I can verify that openssl decrypts your example data, IV, and key to Hello:

openssl aes-128-cbc -d -in ciphertext \
  -iv 30383030323835613365656246504F52 \
  -K 0102030405060708090A0B0C0D0E0F10 | xxd
0000000: 4865 6c6c 6f                             Hello

This stackexchange answer verifies that, as far as you are concerned, PKCS#5 and PKCS#7 are the same.

That means the firmware is the culprit, so here are the things I notice at a glance:

  • You are not using padding correctly. The line size_t paddedLength = pad(buf, len); is acting on the ciphertext. Ciphertext in AES 128 is always 16 bytes. Padding is added only to plaintext messages before encrypting them. You should remove that line.
  • That may be the only problem, but if you still have problems, I know that we always use the same buffer for input and output. I’m also pretty sure that tropicssl modifies its internal IV buffer with each block. This is how tropicssl is intended to be used. Having separate buffers shouldn’t be a problem, but it’s something to try. Our decrypt for reference.
1 Like

Hi @zachary

I hope you had a nice vacation.

This code is now running reliably for me. Just pass it an encrypted message and it decrypts. Optionally an IV and Key could be passed for decryption but my Key is static and the IV is stored in memory when exchanges take place appropriately.

Also I almost have the cbcEncrypt function written the way I want. Trying to figure out how to properly return arrays from functions in C++. I was mainly a Java, Python, PHP, C# guy so this low level C++ stuff is new to me.

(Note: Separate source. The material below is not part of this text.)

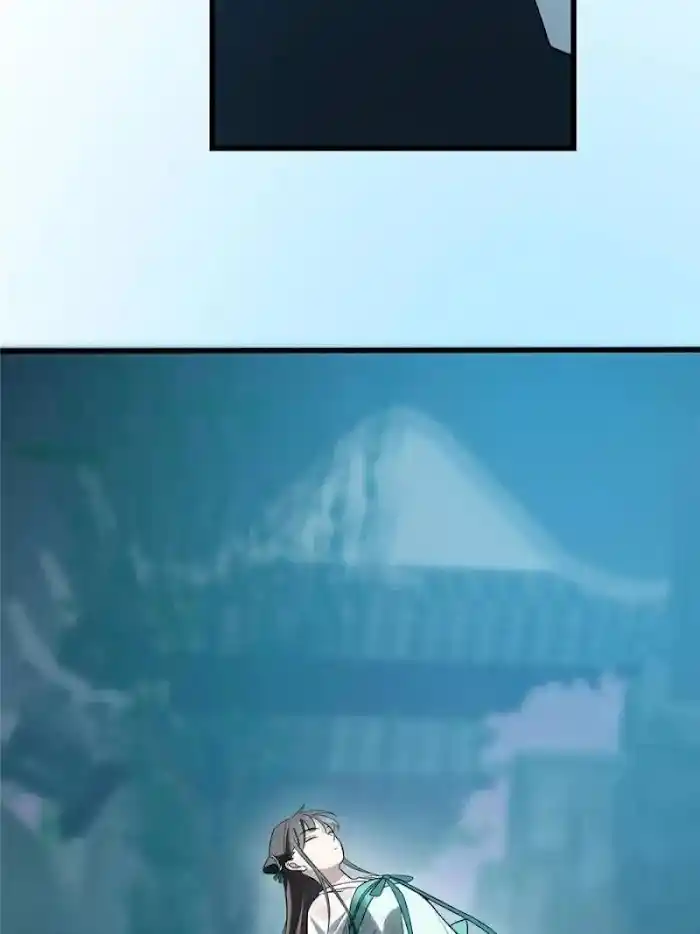 Queen Of Poison: The Legend Of A Super Agent, Doctor And Princess Chapter 73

void cbcDecrypt(uint8_t* data, size_t len){
	//get round key for encryption
	unsigned char decryptIV[16];

	//Get round key out of memory for decrypt
	for(int i = 0; i < 16; i++){
		decryptIV[i] = EEPROM.read(i+20);
	}

	//Create input/output buffer for decryption.
	unsigned char buf[len];

	//Copy message into decrypt buffer
	memcpy(buf, data, len);

	//Decrypt message into output buffer
	aes_setkey_dec(&aes, key, 128);
	aes_crypt_cbc(&aes, AES_DECRYPT, sizeof buf, decryptIV, buf, buf);

	//Store first 16 decrypted characters as round key for next cbc encrypted send
	for(int i = 0; i < 16; i++){
		EEPROM.write(i+20, buf[i]);
	}

	//Extrapolate message from received data. Strings should always end with a ~ character as an end character
	String message = (const char*)buf;
	int end = message.indexOf("~");
	String trimmed = message.substring(0,end);

	//Print out the decrypted message and the length of the encrypted message received
	delay(50);
	Serial.print("Decrypted: ");
	Serial.println(trimmed);
}
1 Like

How did you do that) I still having troubles in compiling. Added tropicss to project but still no luck to compile (tropicssl/rsa.h not found)

Eh…That was long long ago in a galaxy far far away for sure. I do have a github repo for that project here though, perhaps that will help:

I couldn’t even tell you for certain if this was built using a Spark Core or a Photon to be honest.